Extracted records below:

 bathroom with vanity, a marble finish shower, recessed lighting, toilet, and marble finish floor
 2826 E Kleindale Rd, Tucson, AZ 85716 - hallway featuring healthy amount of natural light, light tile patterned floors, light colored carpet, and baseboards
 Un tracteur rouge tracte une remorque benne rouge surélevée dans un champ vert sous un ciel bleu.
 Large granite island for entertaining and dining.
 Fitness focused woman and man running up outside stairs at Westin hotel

End of Extracted records.
Extracted records below:

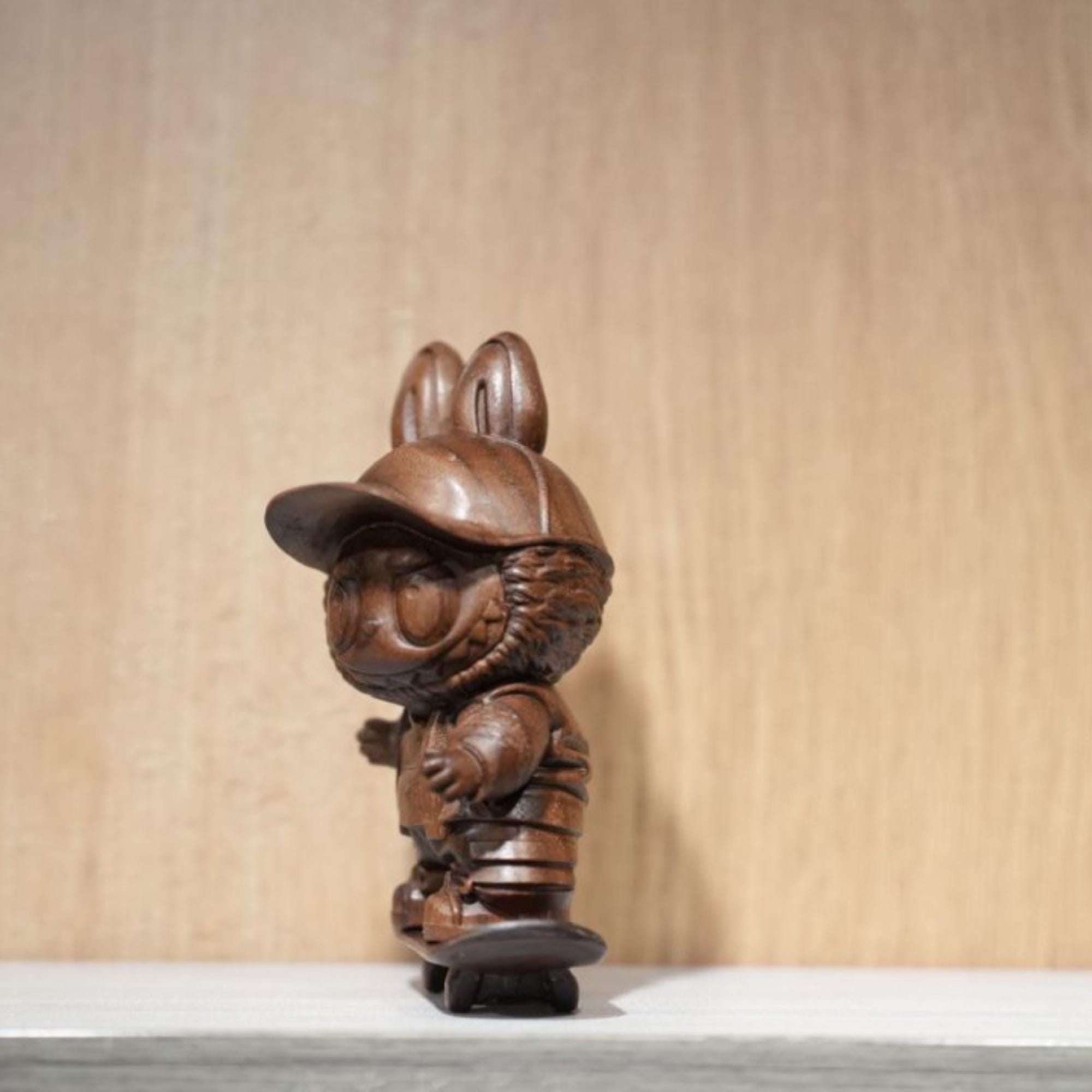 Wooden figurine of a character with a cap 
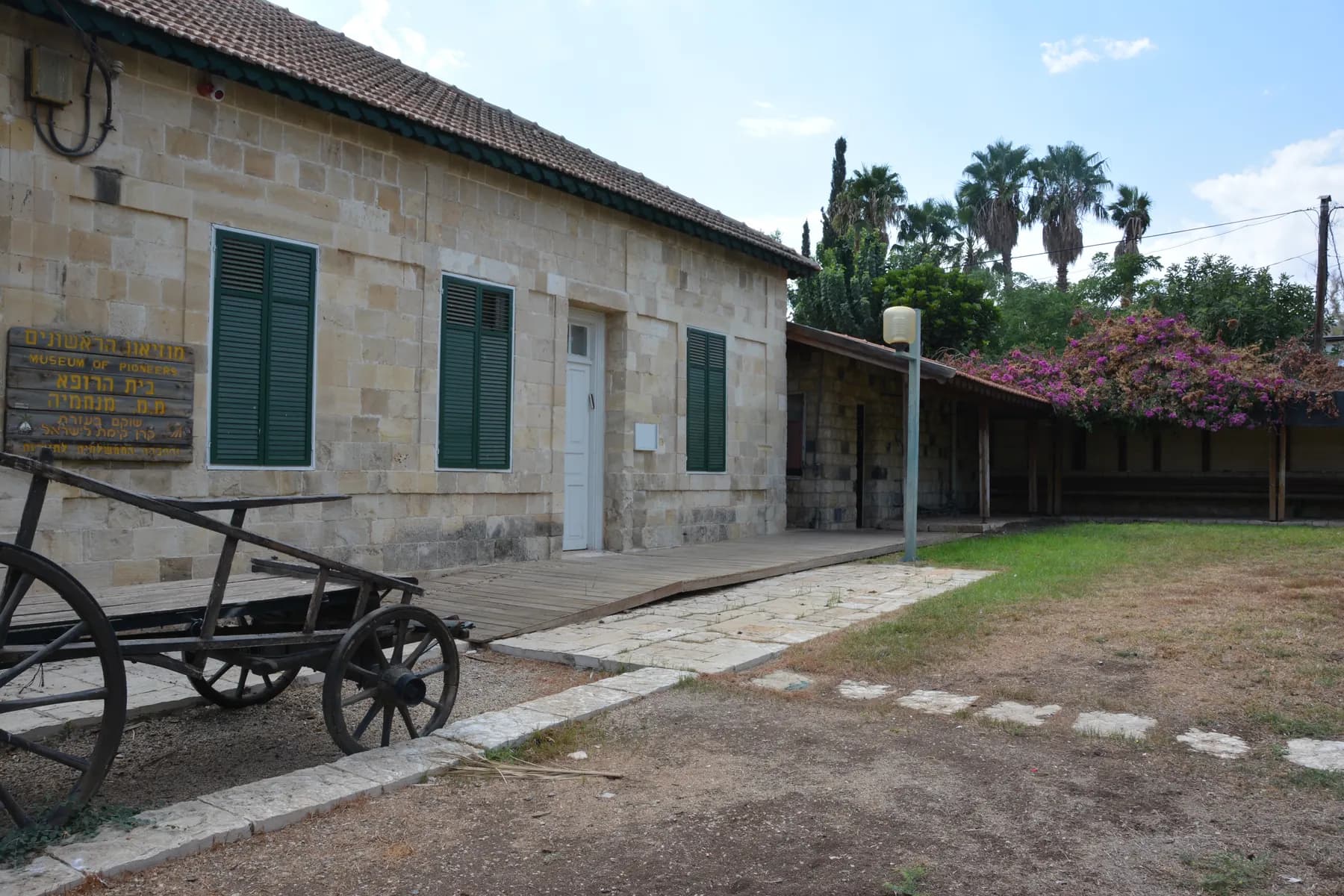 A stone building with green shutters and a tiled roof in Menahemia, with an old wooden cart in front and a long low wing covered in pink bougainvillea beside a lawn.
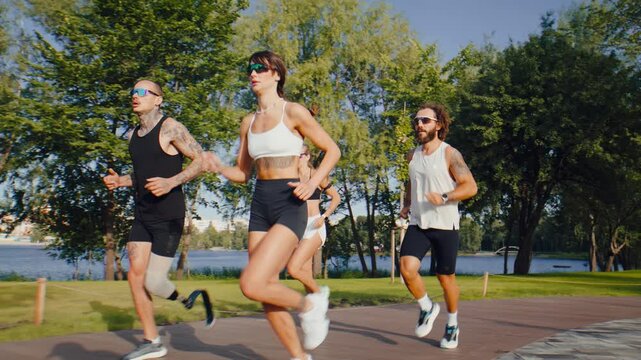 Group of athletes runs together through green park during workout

End of Extracted records.
Extracted records below:

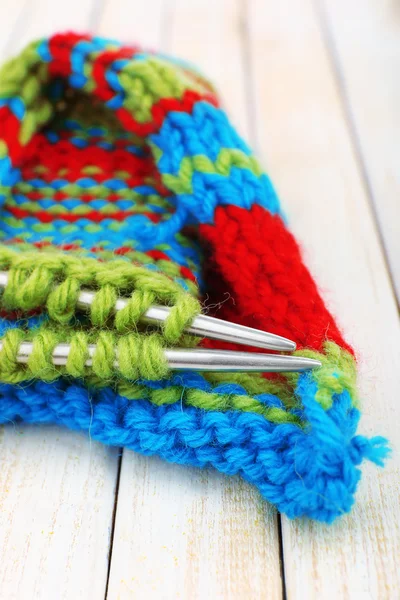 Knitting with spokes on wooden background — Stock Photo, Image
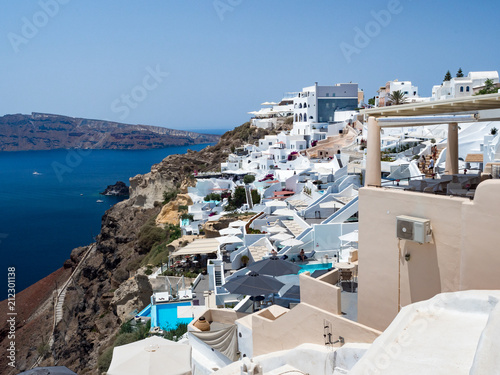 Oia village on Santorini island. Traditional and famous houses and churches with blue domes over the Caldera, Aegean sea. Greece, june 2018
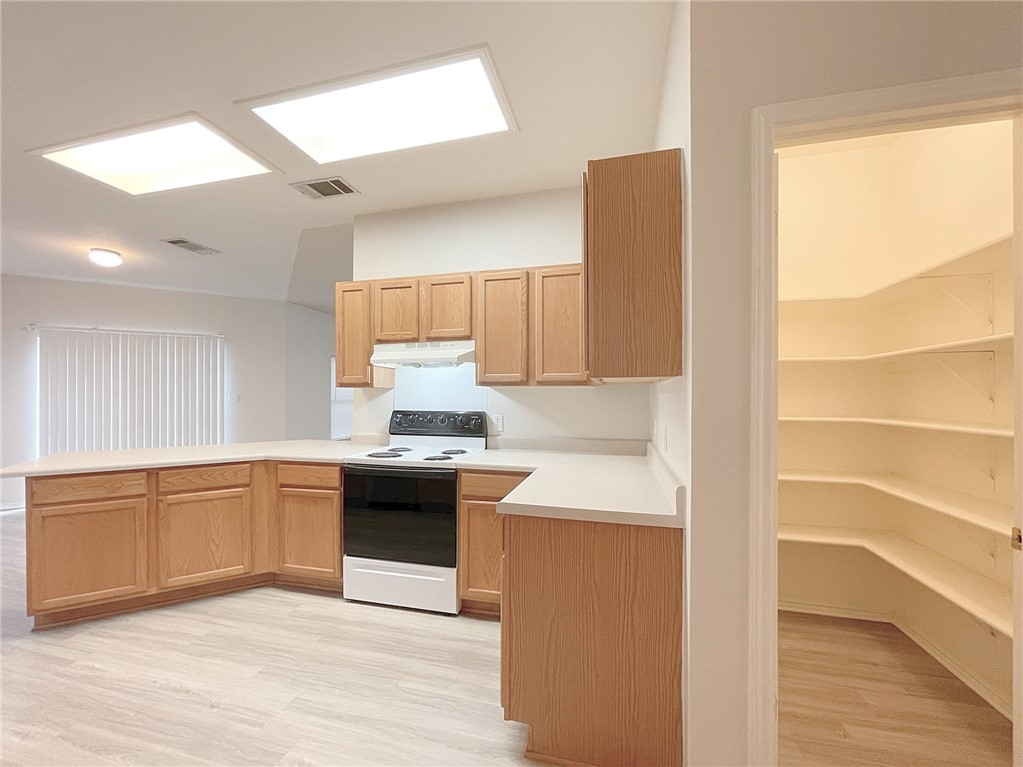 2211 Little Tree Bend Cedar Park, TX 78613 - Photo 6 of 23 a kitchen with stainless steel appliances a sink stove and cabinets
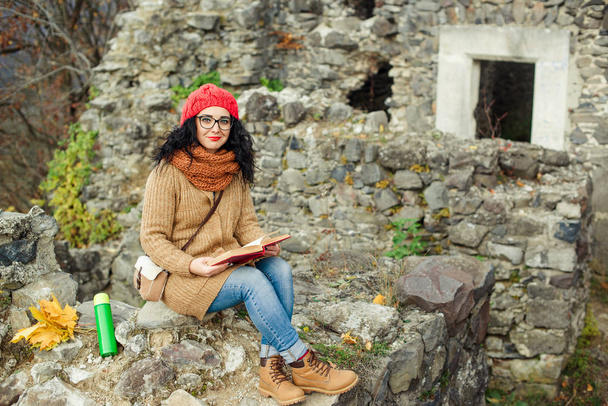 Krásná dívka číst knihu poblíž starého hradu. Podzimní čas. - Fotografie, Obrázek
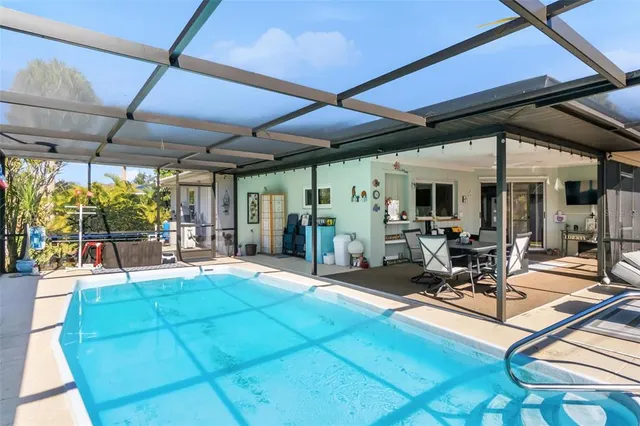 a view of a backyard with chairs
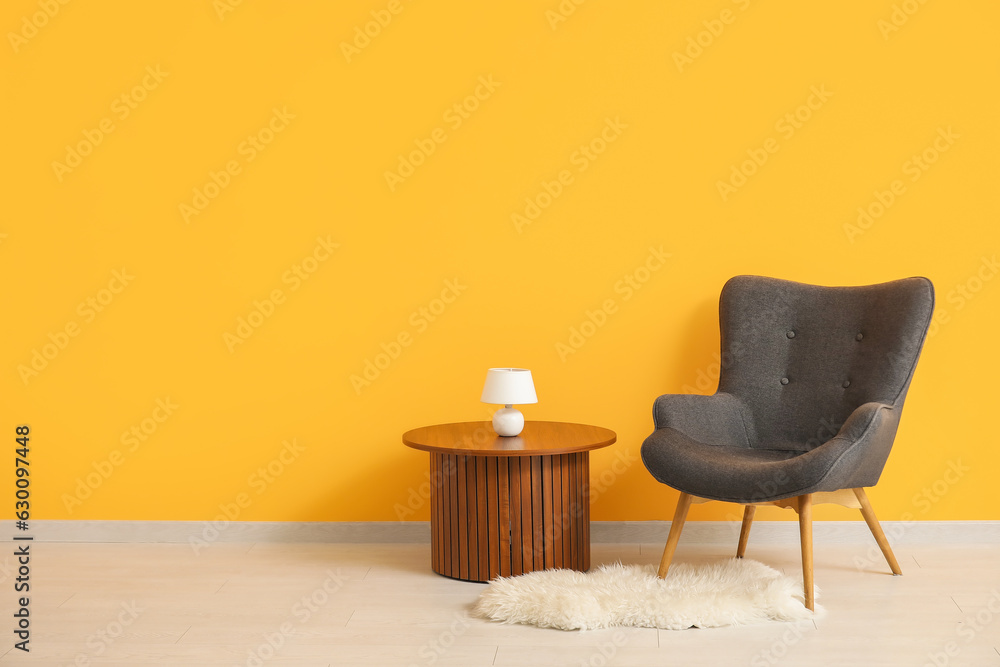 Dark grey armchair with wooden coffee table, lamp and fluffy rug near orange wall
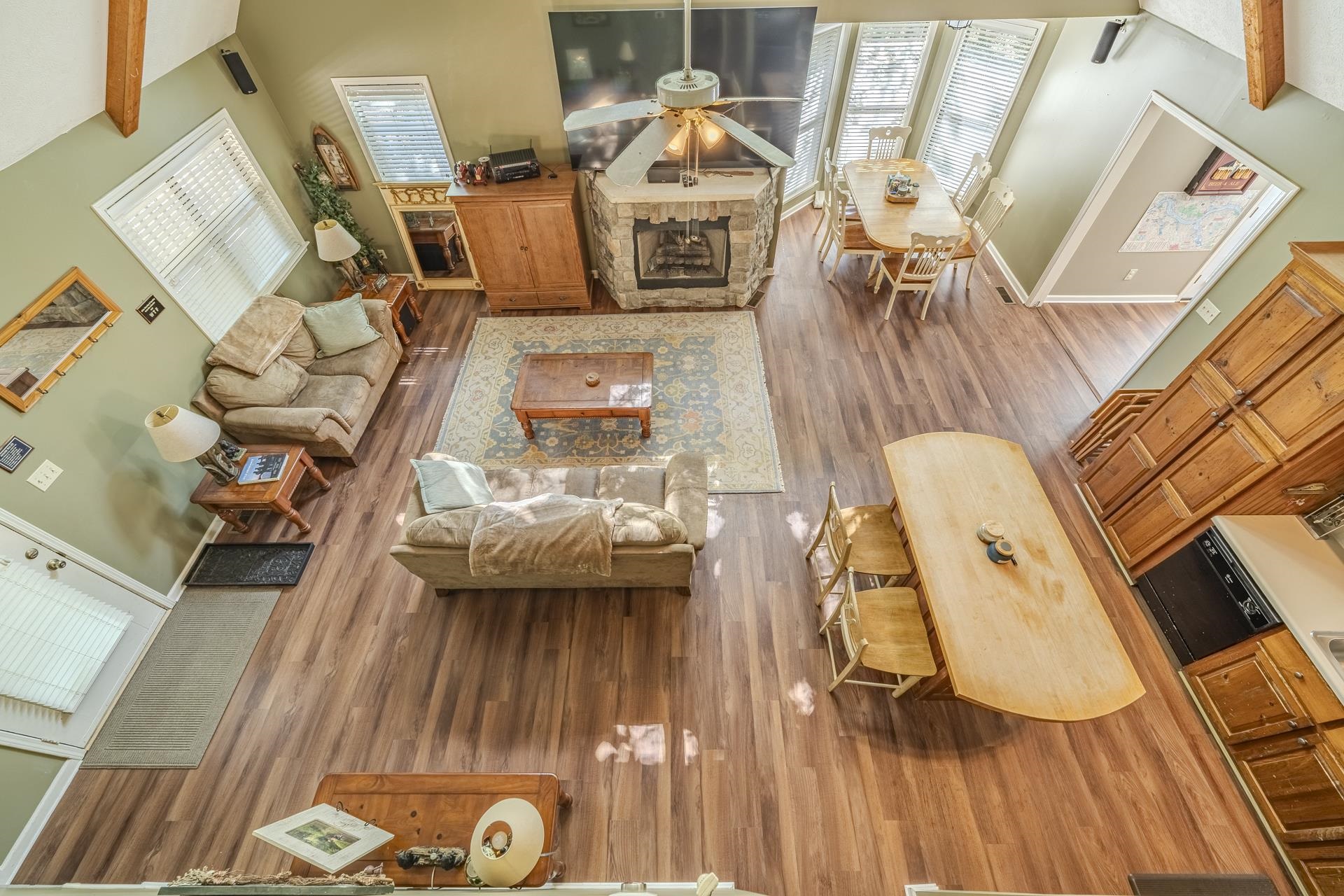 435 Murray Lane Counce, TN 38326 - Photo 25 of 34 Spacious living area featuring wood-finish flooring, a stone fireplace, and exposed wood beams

End of Extracted records.

_Work item:_
Using the data above, set down each line from the line with "a view of a backyard with chairs" to the line with "435 Murray Lane" exactly, both ends included, and leave the pictures behind. Nothing else belongs.

_Your solution:_
 a view of a backyard with chairs
 Dark grey armchair with wooden coffee table, lamp and fluffy rug near orange wall
 435 Murray Lane Counce, TN 38326 - Photo 25 of 34 Spacious living area featuring wood-finish flooring, a stone fireplace, and exposed wood beams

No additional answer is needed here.